One of our team brought up postmodernism in marketing yesterday, and I began looking for some references. When I was doing my thesis, the European Journal of Marketing had a special on postmodernism, and one of my lecturers prior to that, David Stewart, was quite in to the postmodern concept about 10 years ago.
I always had my doubts about whether postmodernism, in marketing at least, was a real concept. In design, modernism brought order; postmodernism, at least expressed in graphics, tended to be “slightly messier”, from a layperson’s point of view. Postmodern automotive design was typiﬁed by the Coupé Fiat, Alfa 147 and Ford Scorpio, or so thought Stephen Bayley in Car in the mid-’90s. Ten years on, these vehicles look dated, as much as vehicles designed during what could be termed the modern era. They hardly look daring as we became accustomed to them; and the shapes just seem like modernism with embellishments. (If the Coupé Fiat is postmodern, then surely so was the Triumph TR7.)
Postmodern graphics just reminded me of futurism, and some of the chaotic work just prior to that. We are talking mid-1900s. David Carson, Beach Culture, et al did not suggest anything that novel to me—sure, they were clever and I admired them, albeit with a slight aloofness brought by snobbery—but it was not a movement beyond modernism that was unprecedented in history. I also had my doubts at law school that critical legal studies were postmodern, when there were functioning models like Confucianism that could be, at least to me, a resulting, efﬁcient model for law and society remedying a period of chaos. (Or, for that matter, many Paciﬁc island models that are still practised among numerous Polynesians, which seem superior to many occidental ones.)
When researching the topic as relating to marketing to answer our team member’s question, postmodernism is thought of as the consumer empowerment movement—where individuals determine brands’ meanings, not organizations. It is perhaps a more obvious representation of an existing concept being put on to its head: that organizations no longer owned brands, but consumers controlled them through emails, tattoos, and blogs. Individualism, freedom of choice and new social movements are cited as some of postmodernism’s hallmarks in marketing and branding—but is this that new?
The romantic notions of individualism have been with us for some time, and whatever is happening in branding, such as in Stefan Engeseth’s book One, seems to be a logical extension of that. Freedom of choice was the promise of consumerism in the modernist era. As to new social movements: while I am no sociologist, the movements are the same as they ever were, only we are forming more useful groups across planets thanks to electronic communication. Again an extension of what has gone before.
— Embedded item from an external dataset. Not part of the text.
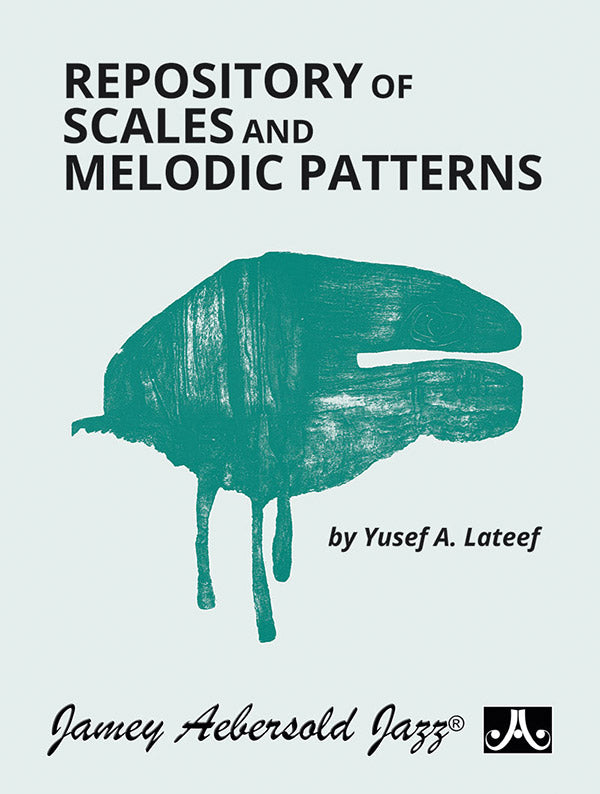 Lateef: Repository of Scales and Melodic Patterns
For some reason, I think postmodernism will simply be seen as an extension of modernism by the historian of the mid-21st century. Until our institutions actually change, or our behaviours become far more responsible, and we begin treating the planet’s inhabitants as one, I don’t believe we have a new movement. The next great movement is either a highly pessimistic one (where we destroy ourselves through carelessness in environmental policy and in military strategy), or a highly optimistic one (where, through the planetary emergency we ﬁnd ourselves in, we consciously make a shift to a more caring society where neighbourhoods are globally and virtually structured).
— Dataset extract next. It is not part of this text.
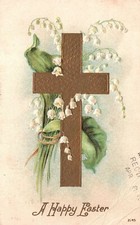 Vintage Postcard 1909 A Happy Easter Greetings Card Golden Cross White Flowers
If the blogosphere can grow strongly and quickly enough, then the latter is more likely, as people band together and share their thoughts. Misunderstandings—particularly between states—evaporate into the past. The next generation of politicians, brought up with the internet, seek real relationships via the internet separate from irrelevant and detached institutions. The internet could be the best BS ﬁlter for a generation that can instinctively detect marketing-speak, spin and political gobbledegook. And then we can talk about postmodernism.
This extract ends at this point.